__Exercise__
Only the lines of the data below from the one with "Cum au depășit" through the one with "Белое платье-трапеция из" are wanted. Repeat them exactly.

Top of Input for this task

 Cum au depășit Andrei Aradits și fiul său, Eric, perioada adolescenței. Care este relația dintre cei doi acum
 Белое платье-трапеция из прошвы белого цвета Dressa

Bottom of Input for this task
Top of Input for this task

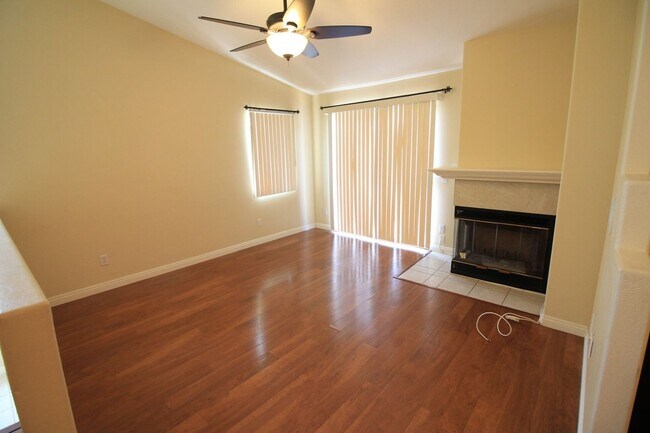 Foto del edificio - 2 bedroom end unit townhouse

Bottom of Input for this task

__Written solution__
 Cum au depășit Andrei Aradits și fiul său, Eric, perioada adolescenței. Care este relația dintre cei doi acum
 Белое платье-трапеция из прошвы белого цвета Dressa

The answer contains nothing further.